Thaler, up from Oregon, has written more than 250 books and received awards for some in the “Black Lagoon” series, including “The Cafeteria Lady from the Black Lagoon,” for which he earned a Kids Choice Award in 1999. He has also received awards from the Society of Illustrators, the Martha Kinney Cooper Ohioana Library Association, the National Cartoonists Society and others.
Thaler also is known as “The Riddle King,” and said he enjoys using riddles as a way to stimulate children’s interests in learning and creating.
“He loves working with the kids,” said his wife, Patty Thaler. “He goes around the world doing this. We were just in Spain in October, and we’ve been to Alaska visiting schools before, but this is our first time in this area.”
Rosy Thompson, librarian at Tustumena Elementary, said author visits from the Lower 48 are rare.
“I’ve been here eight years and we’ve had local authors, but not a big name like this from Outside. It’s pretty exciting for the kids,” she said.
That excitement showed, as an entire hallway to the library had been festooned in “Black Lagoon” cartoons and quotes, as well as some of the quotes for which Thaler is most famous. For instance, that his favorite nation is “Imagination.”
Thompson said that, more than just the fun of the visit, the children also take away important concepts from these author visits.
“It gets their brains going about how they can write and draw,” she said. “But, also, I think they realize this is something they could grow up and do.”
Laurie Cowgill, media specialist at Kaleidoscope, echoed similar sentiments to the importance of these kinds of workshops for kids.
“Having the ‘real thing’ connect with students is very valuable. The kids get excited about reading and writing when it is an author visit. They can envision themselves as writers when they get to talk to someone who is ‘famous’ and real,” she said.
Cowgill added that this applies for visits from other performing artists, too.
“The same proves true for visits from real artists, musicians and actors. It’s a personal priority to find funds for these visits as it provides life-changing experiences for some kids. They can see themselves in one of these professions and they are inspired to strive toward a goal,” she said.
Unfortunately, she said, a reality of the educational system is there is not enough funding for everything that is educational and beneficial, and so visits like Thaler’s have been moved to the back burner by some schools.

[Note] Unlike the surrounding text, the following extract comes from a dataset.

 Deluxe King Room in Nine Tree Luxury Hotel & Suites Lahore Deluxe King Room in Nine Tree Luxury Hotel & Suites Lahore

“Author visits have become somewhat rare in the last few years. I think there are a number of reasons, probably first of which is funding issues. There are only three schools in the area that were willing to spend funds on having an author visit,” she said.
This is odd considering the popularity of the books within schools, particularly with second- through fourth-graders who enjoy the books’ fun creepiness, as well as the overall pattern of predictability for the series.
“Also, travel has gotten a lot more expensive, which means the cost goes up. So costs go up, funding goes down. With the advent of high-stakes testing, what is valuable has somehow gotten skewed. And what can’t directly be correlated to data is no longer valued in some circles,” she said.
Cowgill added that local schools also used to be able to piggyback off the Anchorage “authors to Alaska” program, but as it has waned in recent years, too, so have the opportunities.
“They used to bring authors up to Anchorage libraries on a regular basis and we could tag on to those. As people have retired and moved on, that agency is not as active as it used to be. So less authors to Alaska is the bottom line,” she said.